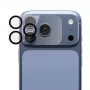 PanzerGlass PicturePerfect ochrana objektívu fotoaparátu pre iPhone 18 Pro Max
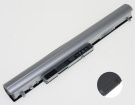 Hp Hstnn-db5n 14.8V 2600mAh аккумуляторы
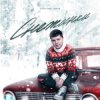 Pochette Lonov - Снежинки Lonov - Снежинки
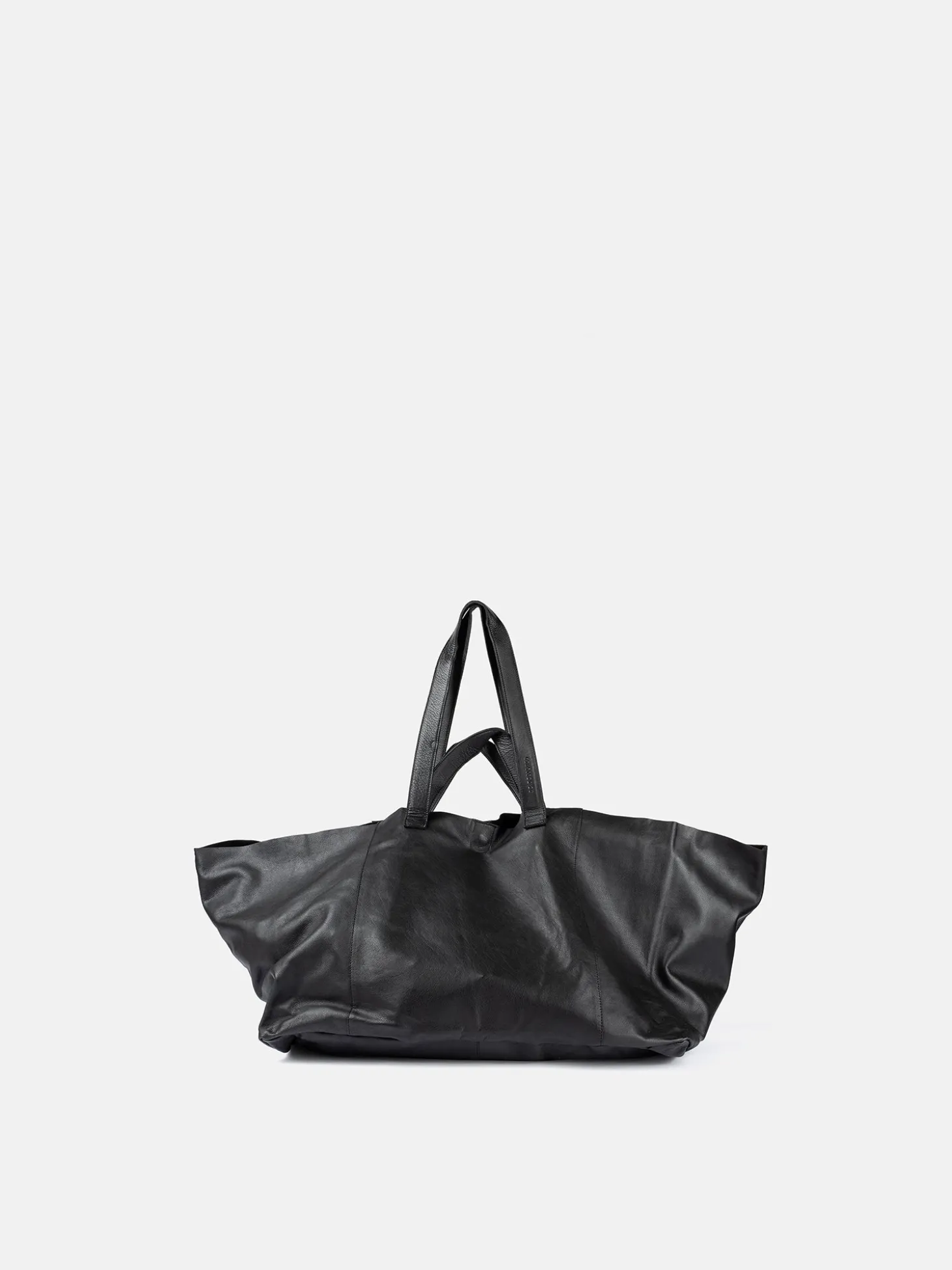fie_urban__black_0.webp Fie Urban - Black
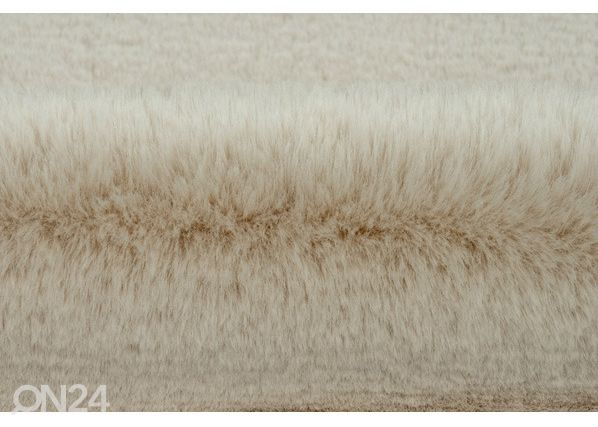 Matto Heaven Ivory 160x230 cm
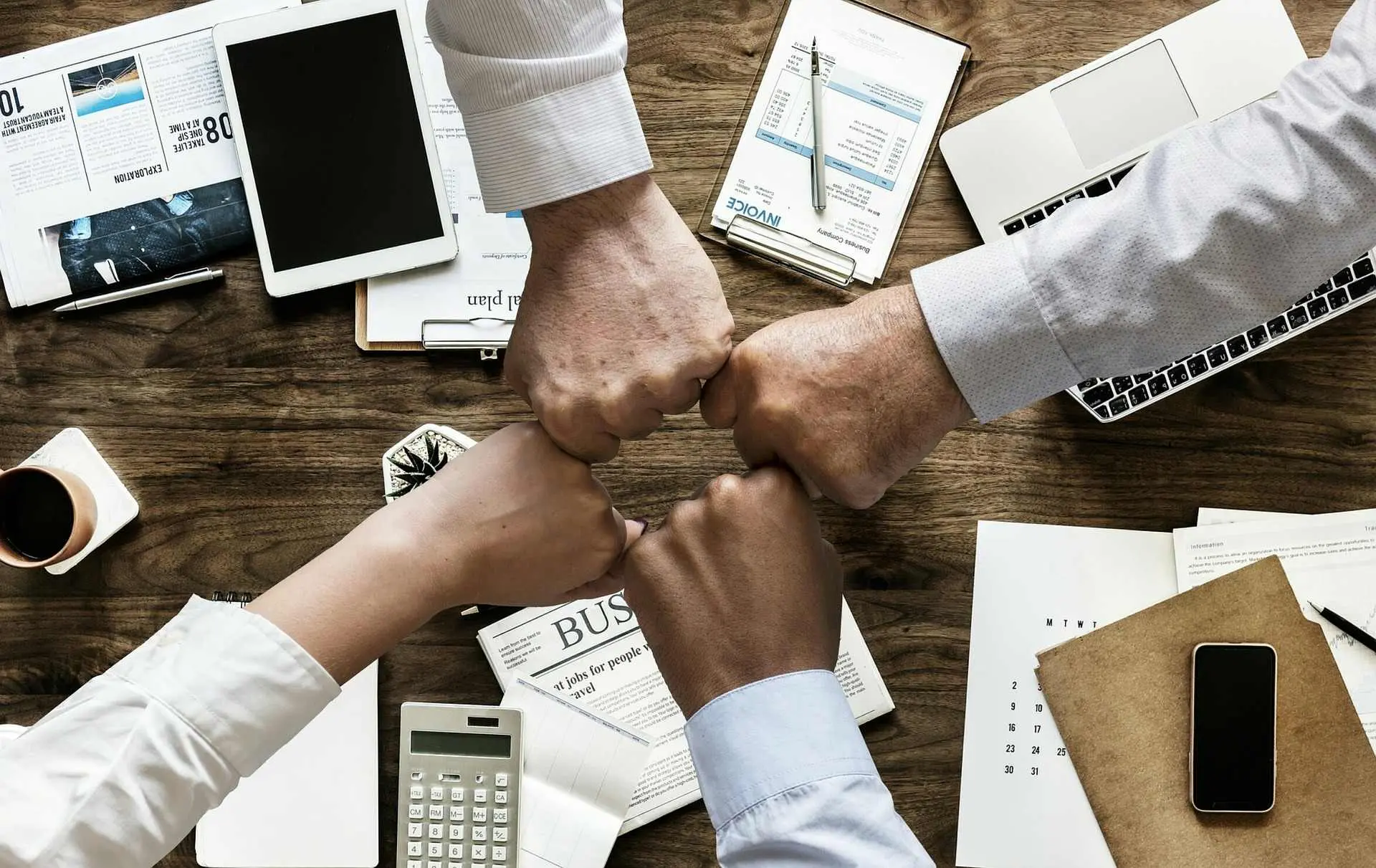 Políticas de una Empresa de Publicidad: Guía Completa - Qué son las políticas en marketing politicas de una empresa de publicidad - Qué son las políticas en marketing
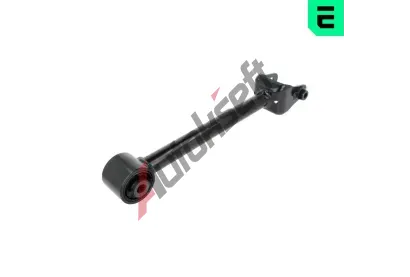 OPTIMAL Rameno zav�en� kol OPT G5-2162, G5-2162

#### [Work instructions]
Repeat only what lies between the start of the data and the end of the line containing "Matto Heaven Ivory 160x230 cm", exactly, with pictures left out.

#### [Finished task]
 PanzerGlass PicturePerfect ochrana objektívu fotoaparátu pre iPhone 18 Pro Max
 Hp Hstnn-db5n 14.8V 2600mAh аккумуляторы
 Pochette Lonov - Снежинки Lonov - Снежинки
fie_urban__black_0.webp Fie Urban - Black
 Matto Heaven Ivory 160x230 cm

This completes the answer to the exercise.